I have frequently talked about my desire to read Japanese language books. That had been one of my original motivators for continuing to study Japanese. I had this goal of finishing at least one novel/work last year but could not make much progress on it. This is the year to change that.
And for that, I need to be more organized and regular. I am also dedicating time for JLPT specific study and listening practice in general so I need to fit in all of this somehow, while giving adequate space for any other task that crops up.
As I mentioned in my previous posts that I have begun the book Convenience Store Woman by Sayaka Murata. These past few weeks have been very slow progress mostly oweing to frequent need to look up words and kanji. The frequency is indeed less than last year but it is still numerous enough to break my schedule.
It is demoralising as well because after learning so many words for the exam last year, I am still unable to read with ease. As a result I have decided to drop the book for the moment and pick something easier.
And that book is “Fushigina Toshoukan” by Haruki Murakami. It is kind of ironic pick since I have actively avoided reading Haruki Murakami’s work in English due to all the hype surrounding it. Guess it also gives me the opportunity to look at his work with fresh set of eyes. I am aware that this is not his signature or even the most well-known work but it is a very good starting point for intermediate learners.

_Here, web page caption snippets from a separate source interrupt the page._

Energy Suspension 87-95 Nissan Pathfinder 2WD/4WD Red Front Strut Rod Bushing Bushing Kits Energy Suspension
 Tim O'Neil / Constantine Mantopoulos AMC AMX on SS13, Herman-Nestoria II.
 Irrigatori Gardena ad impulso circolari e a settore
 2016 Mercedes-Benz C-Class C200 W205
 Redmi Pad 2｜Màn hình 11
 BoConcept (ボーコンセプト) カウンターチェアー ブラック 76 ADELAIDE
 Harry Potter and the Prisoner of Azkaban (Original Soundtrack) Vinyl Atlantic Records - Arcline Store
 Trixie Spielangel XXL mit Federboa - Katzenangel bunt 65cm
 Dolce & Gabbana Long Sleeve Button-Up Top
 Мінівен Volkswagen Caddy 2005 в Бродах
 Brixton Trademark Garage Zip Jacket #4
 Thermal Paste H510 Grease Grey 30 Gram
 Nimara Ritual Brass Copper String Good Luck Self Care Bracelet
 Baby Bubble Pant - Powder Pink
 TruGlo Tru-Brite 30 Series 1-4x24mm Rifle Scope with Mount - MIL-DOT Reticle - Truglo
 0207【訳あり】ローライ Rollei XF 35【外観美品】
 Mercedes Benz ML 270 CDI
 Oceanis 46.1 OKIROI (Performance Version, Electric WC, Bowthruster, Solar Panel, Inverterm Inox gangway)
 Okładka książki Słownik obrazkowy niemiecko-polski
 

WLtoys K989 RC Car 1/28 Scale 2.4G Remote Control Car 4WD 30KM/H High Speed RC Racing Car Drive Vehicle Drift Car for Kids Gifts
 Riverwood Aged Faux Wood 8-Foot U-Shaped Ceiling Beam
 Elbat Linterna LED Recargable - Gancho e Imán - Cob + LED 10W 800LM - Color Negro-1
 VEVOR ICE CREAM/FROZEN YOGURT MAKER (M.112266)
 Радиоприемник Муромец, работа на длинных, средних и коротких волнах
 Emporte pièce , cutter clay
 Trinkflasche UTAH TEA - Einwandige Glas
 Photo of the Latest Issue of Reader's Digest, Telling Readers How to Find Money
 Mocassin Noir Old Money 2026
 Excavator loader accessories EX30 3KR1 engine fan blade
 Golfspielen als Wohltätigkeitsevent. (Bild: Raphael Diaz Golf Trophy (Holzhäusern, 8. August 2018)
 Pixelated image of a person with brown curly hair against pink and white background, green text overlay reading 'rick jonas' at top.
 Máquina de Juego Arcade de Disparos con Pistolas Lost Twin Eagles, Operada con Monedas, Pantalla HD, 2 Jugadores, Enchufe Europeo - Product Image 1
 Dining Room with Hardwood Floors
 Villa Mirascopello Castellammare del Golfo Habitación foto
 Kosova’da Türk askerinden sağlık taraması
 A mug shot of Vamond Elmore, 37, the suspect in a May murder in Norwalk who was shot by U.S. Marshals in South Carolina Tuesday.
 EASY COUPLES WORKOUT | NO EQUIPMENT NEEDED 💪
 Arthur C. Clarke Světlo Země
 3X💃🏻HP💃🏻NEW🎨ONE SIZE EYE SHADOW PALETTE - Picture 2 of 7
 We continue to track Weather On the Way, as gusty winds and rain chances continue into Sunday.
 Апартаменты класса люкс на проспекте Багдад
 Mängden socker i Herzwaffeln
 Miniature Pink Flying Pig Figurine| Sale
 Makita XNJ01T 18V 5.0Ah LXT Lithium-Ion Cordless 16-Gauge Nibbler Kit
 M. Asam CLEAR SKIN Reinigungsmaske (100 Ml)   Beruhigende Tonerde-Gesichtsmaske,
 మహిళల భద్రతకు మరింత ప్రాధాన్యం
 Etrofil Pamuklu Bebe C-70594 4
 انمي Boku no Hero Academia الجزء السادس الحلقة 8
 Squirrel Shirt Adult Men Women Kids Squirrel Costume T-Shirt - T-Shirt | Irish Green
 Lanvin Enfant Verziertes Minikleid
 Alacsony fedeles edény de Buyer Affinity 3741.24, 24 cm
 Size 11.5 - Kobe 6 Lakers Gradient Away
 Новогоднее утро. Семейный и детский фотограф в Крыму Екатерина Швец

The book is small in length, around 100 pages in which one-third is full of illustrations about the story itself. That is a huge help while reading and figuring out stuff. The story in itself is simple and interesting. There are in total 26 chapters and I have decided on reading 2 chapters a day. The goal is to finish the book by 14th February.
What I do in terms of actual reading is to read the scheduled chapters at once without the use of a dictionary, while writing down words and phrases I do not know or fully understand in a notebook. Then I close the book and look up the word in the dictionary and write down their meaning. After this I once again pick up the same chapters and try to reread with the help of the meanings learned but without keeping the notebook in front of me.
Sometimes I am unable to remember the meaning but this ensures that I have actively read and remembered the words. Writing them down also helps with muscle memory and kanji practice. All in all, it takes around 30-60minutes every day.